Published on Jun 19, 2014 6:19 PM
 
Wassan Singh (left) and Gurdiyal Singh, the respective fathers of Kuljeet Singh and Jasbir Singh, pose at the Golden Temple with portraits of their sons in Amritsar on June 19, 2014, after news that their children were among 40 Indian workers taken hostage in Iraq. India's new government struggled on Thursday to make headway in its first foreign crisis as it tried to secure the release of 40 construction workers being held in war-torn Iraq. -- PHOTO: AFP 

NEW DELHI (AFP) - India's new government struggled on Thursday to make headway in its first foreign crisis as it tried to secure the release of 40 construction workers being held in war-torn Iraq, home to some 10,000 Indian expatriates.

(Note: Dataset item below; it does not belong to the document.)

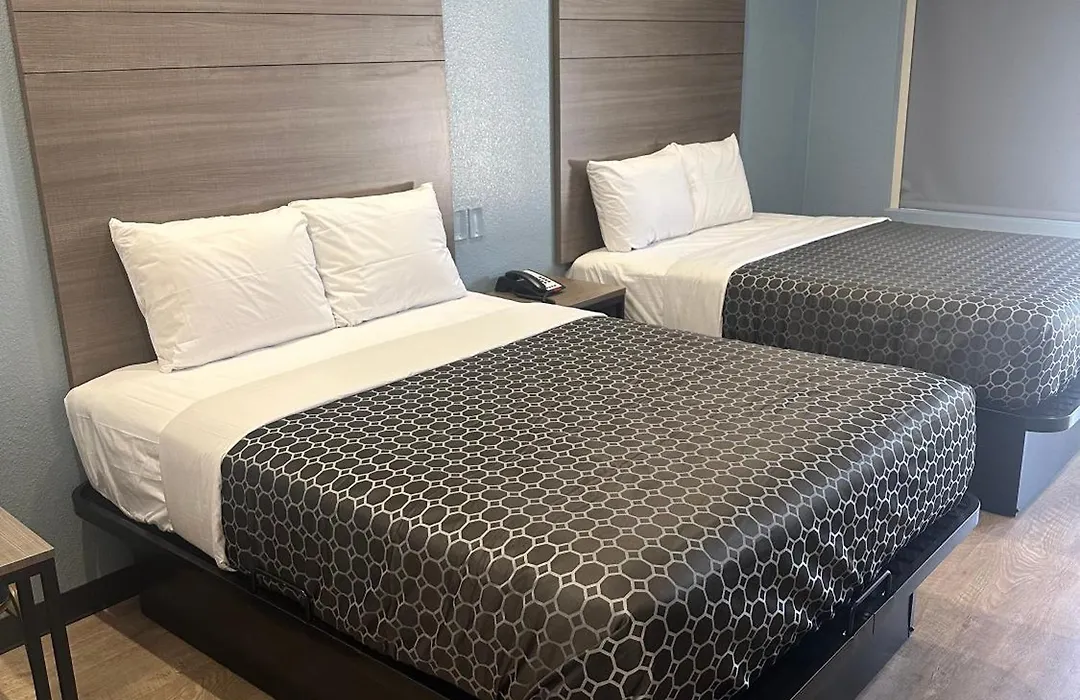 M&M Inn And Suites-1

Prime Minister Narendra Modi has already dispatched a former ambassador to Baghdad to coordinate rescue efforts while the chief minister of Punjab province - where most of the workers hail from - has said he is willing to pay a ransom to gain their freedom.

But while India's foreign ministry has described the men as having been "kidnapped", it says it does not know who has taken them hostage, where they are being held and that it has not received any ransom demand.

The ministry said it was working with the Red Crescent Society and other aid groups in Iraq, but acknowledged the situation on the ground was "very difficult".